# 18 year old here, NH, trying to bulk up and compete one day



## barnze3t (Aug 14, 2003)

what's up guys ... lemme introduce myself here and give ya all the details and hopefully ill get a bunch of helpful responses

im an 18 year old male weighing in at 180 lbs and standing tall at 6'0.  ive been a very dedicated to my weight lifting starting at about age 15.  I just graduated high school with many honors in sports and am now attending college on a lacrosse scholarship.  This past summer I have been training extremely hard and cutting weight for my upcoming freshmen season.  My year was weird in the weight department.  Entering senior year I weighed in at about 205 lbs with about 15-20% body fat.  The weight was good being captain of the football team and the tailback.  During the winter I bulked up even more as the hockey captain weighing in at about 215 with 20-22% body fat.   The size helped alot for those two sports but enteing the spring for lacrosse season I begin cutting and dropped to about 190 for the season and became very quick.  I've dropped 10 pounds since then with my weight varying from 175-180 each day with about 6-7% body fat.  I work out at least 6 days a week, doing a major and a minor and abs every day for at least 2 hours:
Monday - Chest and Bi's
Tuesday- Back and tri's
Wed.- Shoulders and traps
Thurs- Legs and Forearms
Friday- either day off or re-start the 4 day cycle

For my supplement use, I have been taking Cell-Tech and Nitro-tech on and off for about a year and a half now, and it seems to be working decently.  A week ago I just started adding GNC's L-Glutamine, MRIs NO2, and GNC's MEGAMAN vitamins to these.  Hopefully hoping to see some more results quicker...
Also alot of my friends and lifting partners take 1-AD and animal Stak...(I am possibly considering these, but fear taking them at such a young age) although 1-ad seems less dangerous than most prohormones today

My diet daily is kind of shitty (excuse my language) but its low in fat at least:

Breakfest -  2 to 3 bowls of CRISPIX cereal w/skim milk along with a lowfat bran or lowfat bluebery muffin

Lunch - Turkey breast no skin on lowfat bread w/mustard, grapes, mustard pretzels (1 g of fat) and a diet soda

Dinner - usually varies between salads, pasta (im now hearing is bad) lean burgers w/beans, etc.

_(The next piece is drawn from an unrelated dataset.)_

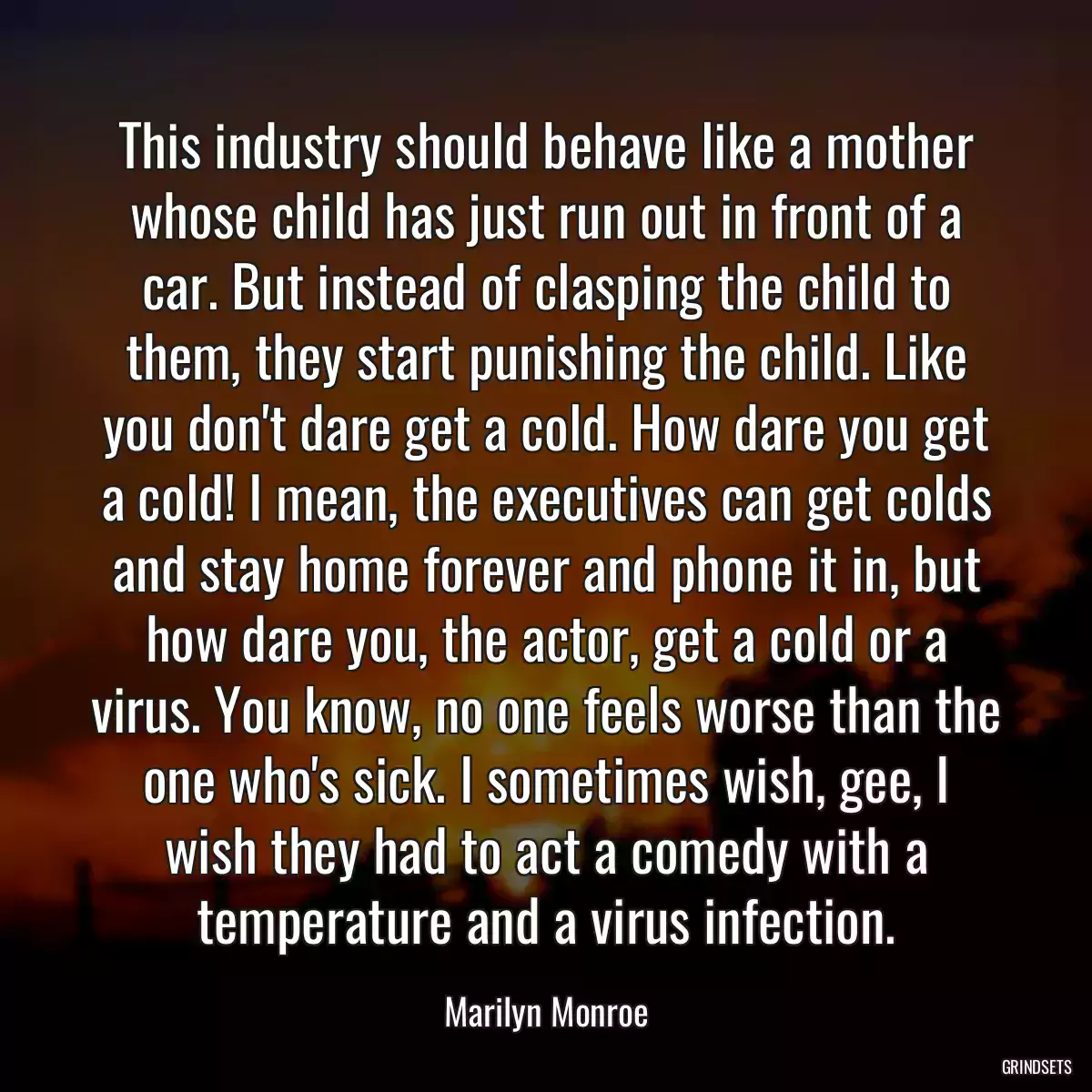 This industry should behave like a mother whose child has just run out in front of a car. But instead of clasping the child to them, they start punishing the child. Like you don\'t dare get a cold. How dare you get a cold! I mean, the executives can get colds and stay home forever and phone it in, but how dare you, the actor, get a cold or a virus. You know, no one feels worse than the one who\'s sick. I sometimes wish, gee, I wish they had to act a comedy with a temperature and a virus infection.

During the day im always snacking too on angel food cake, lowfat granola bars, pretzels and turkey.  

I take my cell tech immediately after my workout and my nitrotech w/in  20 minutes after that.  I follow the NO2 pills to a tee, and take one MEGA MAN vitamin in the morning and one right before bed.  I take 5 g of glutamine before working out and 5 g after.  


I hate to write so much and I apologize I just want the best possible advice and the only way that will happen is by telling everything! I'm sure theres tons of things im doing wrong and a bunch of ways to change and improve so anything woould help! 

Im looking to bulk up with lean mass, no fat (obv!) and it is my absolute dream to one day compete in competition.  PLEASE HELP! thanks guys this place is great!


----------



## Jodi (Aug 14, 2003)

Hi, where in NH are you? 

I'm not the only one anymore 

Welcome to IM!

I can see alot that we can improve in your diet to bulk up.  I can take a look at it a bit later


----------



## barnze3t (Aug 14, 2003)

Im from the southern NH area - thank you so much for taking the time to look at it later! your posts are amazing and im honored!  
I really do need to bulk up though in muscle size, and im definately not a big fan of starting up any hormones such as 1 AD or anything but ... well see


----------



## Mudge (Aug 14, 2003)

2 to 3 bowls of cereal 

I could easily gain another 20 pounds within a month eating like that.


----------



## Jodi (Aug 14, 2003)

> _*Originally posted by barnze3t *_
> Im from the southern NH area - thank you so much for taking the time to look at it later! your posts are amazing and im honored!
> I really do need to bulk up though in muscle size, and im definately not a big fan of starting up any hormones such as 1 AD or anything but ... well see


Too Cute, honored  

Thanks! 

BTW - I'm from Salem but I live in Manchester right now.  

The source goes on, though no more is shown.